"Sometimes the damage done in the name of the church, obedience, or the rules of a religious community was perpetrated with seemingly the best of intentions. The treatment novice and student sisters received in Karen Armstrong's memoir of her time in religious life comes to mind. Superiors and other leaders were in their own minds striving to be faithful, to follow all the rules themselves as well as make sure you and I follow them just as carefully. Novices and perhaps the laity were simply assumed to be weak, compromised, incapable of acting with discernment on their own. Looking back, it is striking how the name of God or Christ never was mentioned in ecclesiastical enforcement, just 'the rule' or the will of the superior or the need to be obedient.
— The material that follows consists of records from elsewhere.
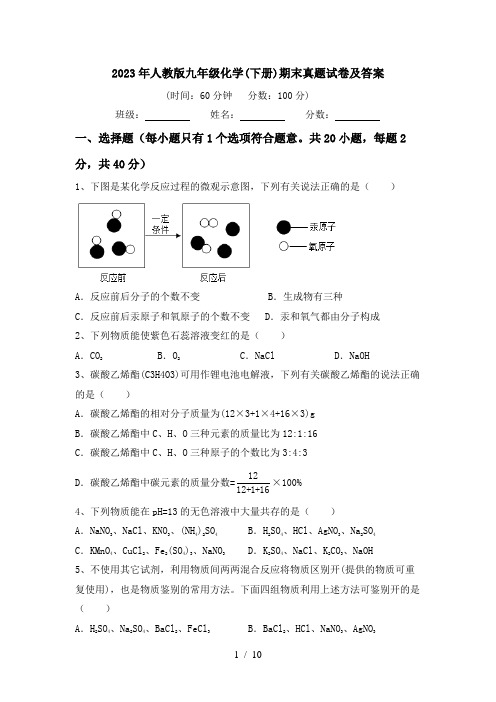 2023年人教版九年级化学(下册)期末真题试卷及答案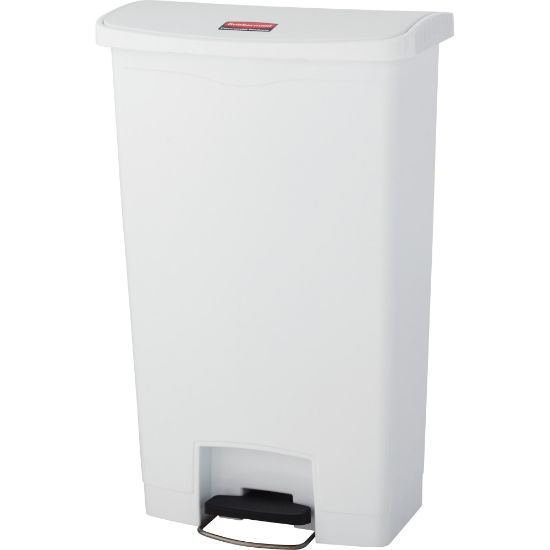 Picture of Rubbermaid Commercial Slim Jim 18-gal Step-On Container - Step-on Opening - Hinged Lid - 18 gal Capacity - Manual - Durable, Foot Pedal, Easy to Clean - 31.6in Height x 12.2in Width - Plastic, Resin - White - 1 Each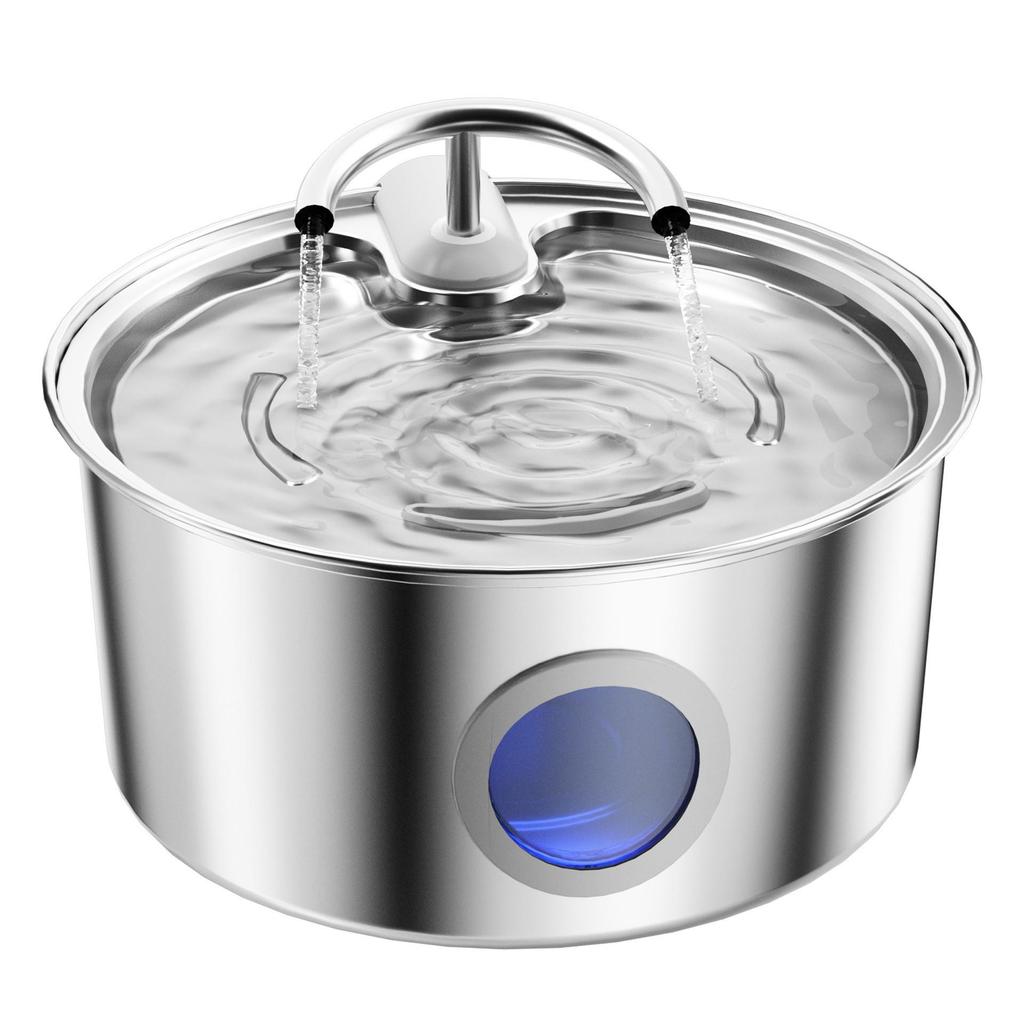 Ceramic Cat Water Fountain with Stainless Steel Circulation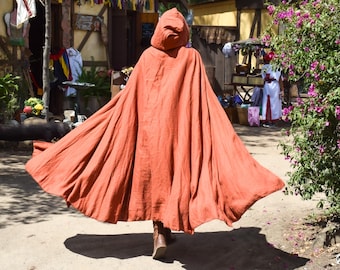 Linen Hooded Cloak
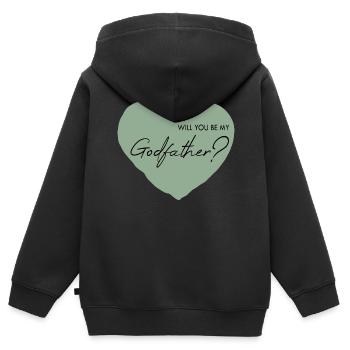 Will you be my godfather? - Kinder Premium Organic Zip Hoodie - Schwarz - Hinten - AI Model Kid Male (0cm)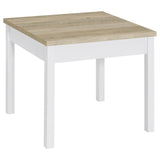 Stacie 3-piece coffee table set antique pine and white showing rectangular coffee table shape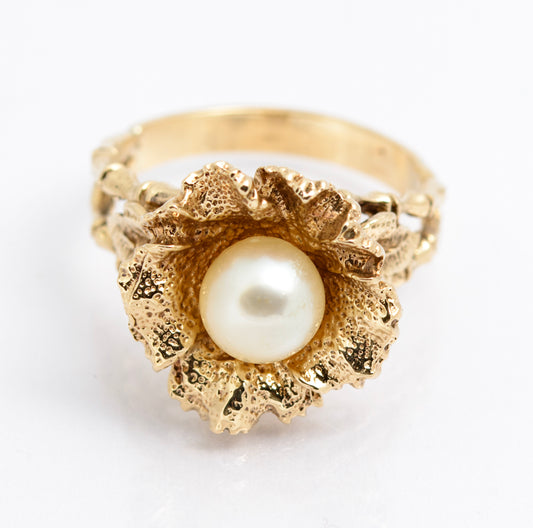 Vintage 9ct Yellow Gold Ring Brutalist Design With Cultured Pearl 8.1 Grams(A2167)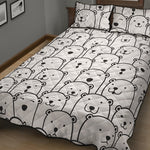 Cute Polar Bear Pattern Print Quilt Bed Set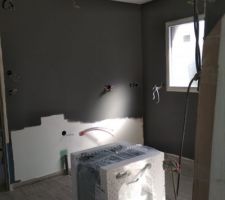 Peinture de 2 pans de mur dans la cuisine. Gris urbain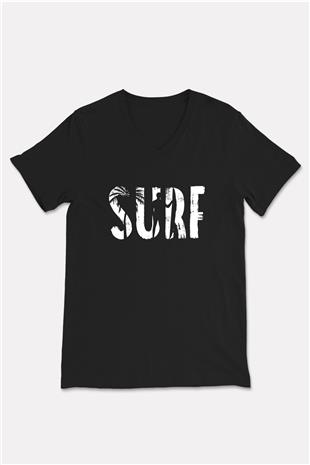 Sörf - Surfing Baskılı Unisex Siyah V Yaka Tişört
"Let's not kid ourselves. Anyone who has spent time in the church and even more so in ordained ministry knows that the definition of the church as sinners seeking forgiveness, the sick in need of a healer, are very neutral descriptions indeed. There are sadists as well as masochists there. There are power mongers and control freaks, those who get their kicks from the fear and even misery of others. Should anyone be scandalized or shocked by this? Then just page around in either the Hebrew Bible or the New Testament. Paul even names the perpetrators in local churches — the ones who sow division, who tyrannize the rest of the community. The historical books contain a sorry parade of failed monarchs and false prophets. It is not a question of which religious movement or wing you belong to for Jesus. He praises the good will and actions of those outside the house of Israel and celebrates their kindness and boldness. The Samaritan woman, known in the Eastern Church as Photini, the one who brings light, I imagine to have been quite an eyeful, given her string of spouses and lovers. Yet Jesus not only asks her for a drink, but his encounter with her is one of the longest in the entirety of the Gospels.
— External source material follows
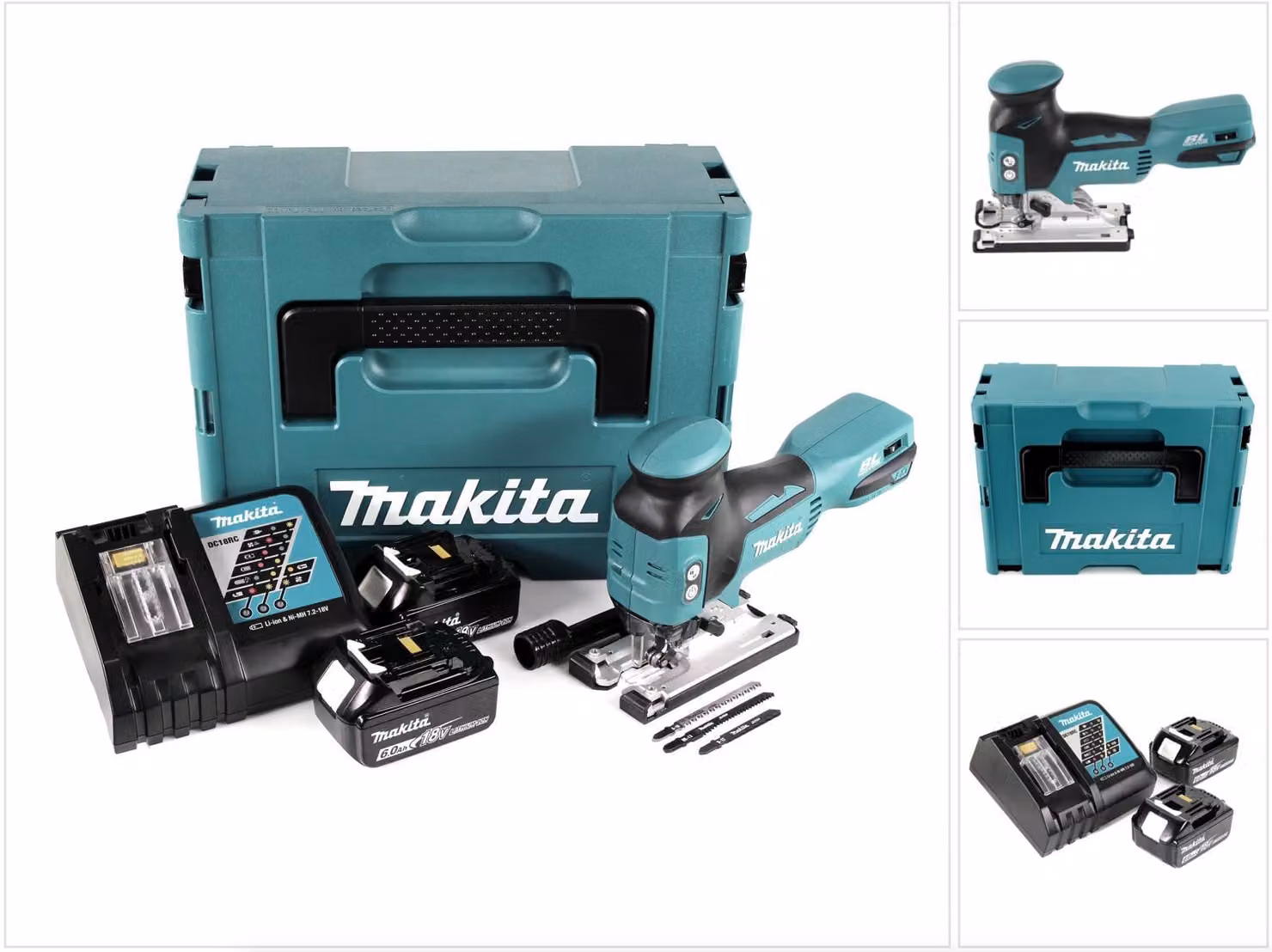 Makita DJV 181 RGJ Seghetto alternativo a batteria 18 V Brushless + 2x batteria 6,0 Ah + caricabatterie + Makpac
"He invites himself to dinner at the house of a seemingly corrupt tax collector, allows women of questionable virtue to wash his feet, tells followers to feed themselves, and heals despite the Sabbath bans. And when the first-century equivalent of canon lawyers and chancery officials challenge him on all this deviant behavior he throws the scriptures back at them. With the exception of one Sabbath service at home in Nazareth, nothing else in the Gospels takes place inside a house of worship and that which does — teaching in the Temple precincts — could not be more provocative. To defy the ecclesiastical establishment was as threatening as opposing the state, perhaps more so. Over the centuries no matter what part of Christianity they come from, East or West, Reformation, Catholic, or Orthodox, scholars and preachers cannot help but see that most of Jesus's public ministry takes place far from the religious establishment, actually in consistent opposition to it, and in the company of both religious and social misfits and marginals. Jesus is almost never in church, yet most of us cannot get ourselves out of the building! Likewise, so many of the parables invert the usual religious and social perspectives — lepers and corrupt officials, prostitutes and heretics force their way into the kingdom. There is no respect for the powerful and the pious.
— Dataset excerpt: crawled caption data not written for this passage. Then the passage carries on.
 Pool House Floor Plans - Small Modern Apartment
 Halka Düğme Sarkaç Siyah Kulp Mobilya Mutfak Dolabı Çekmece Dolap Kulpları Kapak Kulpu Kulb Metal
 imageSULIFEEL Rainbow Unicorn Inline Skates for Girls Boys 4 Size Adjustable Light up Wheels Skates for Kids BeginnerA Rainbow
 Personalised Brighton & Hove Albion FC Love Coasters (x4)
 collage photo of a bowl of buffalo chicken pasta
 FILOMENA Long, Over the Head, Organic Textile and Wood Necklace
"Later on Francis of Assisi strips off and tosses his clothes back at his wealthy father and the local church leaders. Sergius of Radonezh continued to use wooden liturgical vessels, threadbare vestments, and a monastic habit fit for a beggar. He likewise refused demands that he assume the leadership of the church. Mother Teresa — it is captured on tape — forced workmen to remove carpets and soft chairs destined for a house of her sisters of charity, loudly berating them for trying to pamper them. Dorothy Day calmly refused tax-exempt status and elegantly stepped up into police wagons both in Union Square and in the California growing fields in which she was arrested for nonviolent protest.

"For all the destructive activity done in the name of religion by people of some religious standing, I want to say that there is also an equally long procession of women and men who spoke and stood against what was wrong, and they continue to do so fearlessly, boldly. No consideration of holiness or the search for God can really proceed without confronting this side of religion. It has many different faces and appears in diverse situations. The very writers whose voices we listen to are themselves witnesses to religion's damaging potential while at the same time showing us that such destructive activity can be opposed and overcome. There is only light and truth in God. Yet the fundamental expression or 'Word' makes clear that both darkness and lies remain around us."